The city of Chandler
With companies moving less nowadays, the city of Chandler is planning to grow its own companies in hopes of diversifying and stabilizing the community’s job market, as well as positioning the East Valley in the global marketplace.

Chandler’s new venture is a wet lab incubator called Innovations, and it’s aimed at young, startup science and technology companies seeking move-in-ready lab space. Innovations is located in a 40,000 square foot former Intel building on McClintock Road and Chandler Boulevard. Space will be available for lease starting May 1. Christine Mackay, Chandler’s economic development director, said Innovations would contain everything — soup to nuts — that a young startup company needs to work and succeed.

Chandler City Council approved a 10-year lease on the building in September, along with $5.7 million to renovate the building. “Many young companies start with a grant or on a shoestring budget, so traditional commercial space is too expensive,” Mackay says. “They need a partnership to succeed until they can commercialize on their own. They could find cheap space without us of course, but they wouldn’t have access to things like business managers and attorneys to help them succeed and move forward.”

Studies show that 80 percent of small companies that start up through incubators succeed — four times the average of other small business startups. Although Chandler has yet to market the incubator, it has received a lot of interest from entrepreneurs and is already 25 percent pre-committed. ASU has expressed interest in leasing space, as well, Mackay says.

“Right now, we’re in the process of forming a team of experts with backgrounds in renewable energies, engineering, biosciences, applied materials, etc., to help us pick companies with the ability to succeed,” Mackay says. “Our hope is that those companies stay in Chandler long term.”

Phoenix-Mesa Gateway Airport
Allegiant Air began offering passenger service at Phoenix-Mesa Gateway Airport in 2007, with two aircraft serving eight cities. Today, the airline serves 20 cities with five aircrafts, and this year more than 650,000 passengers are expected to pass through the terminal. In the last two years, Cessna and Hawker Beechcraft have both opened maintenance and repair facilities near the airport. Collectively, more than 35 aviation companies operate at the airport, generating more than $251 million in annual economic activity.

“The work we did in 2006 put the wheels in motion for the Phoenix-Gateway area,” says Roc Arnett, president and CEO of East Valley Partnership. “We make things move and shake to improve business and quality of life in the East Valley.”

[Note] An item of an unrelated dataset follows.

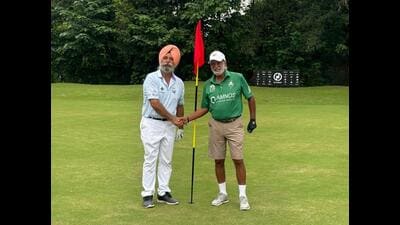Golfer Gurpreet Singh (left) after hitting a stunning hole-in-one on the par-3 8th hole at the Chandigarh Golf Club on Wednesday. (HT Photo) Golfer Gurpreet Singh (left) after hitting a stunning hole-in-one on the par-3 8th hole at the Chandigarh Golf Club on Wednesday. (HT Photo)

William Jabjiniak, director of economic development for Mesa, considers EVP a great partner.

“We look to East Valley Partnership for leadership and policy direction that affects positive change for Mesa,” he says. “It’s also important for the East Valley to have a unified voice and that’s what EVP is for us and our neighboring cities.”

Mesa, which is just shy of 500,000 people, is currently focusing its economic development efforts on four key industry segments: health care, education, aerospace and tourism. The city’s economic development team also is working diligently with existing businesses in the community.

“Economic development is based on relationships, which we are trying to grow with existing businesses and the brokerage community,” Jabjiniak said. “About 80 percent of growth in a community comes from existing businesses, so essentially they are the bread and butter.”

One of Mesa’s biggest retention projects over the last several months has been hanging onto the Chicago Cubs. The Cubs have been holding spring training in Mesa for more than 50 years and provide the state with an annual economic impact of $52.2 million. In late January, officials with the Cubs announced the team would stay put in Mesa — if a new, multimillion-dollar stadium and practice complex is built.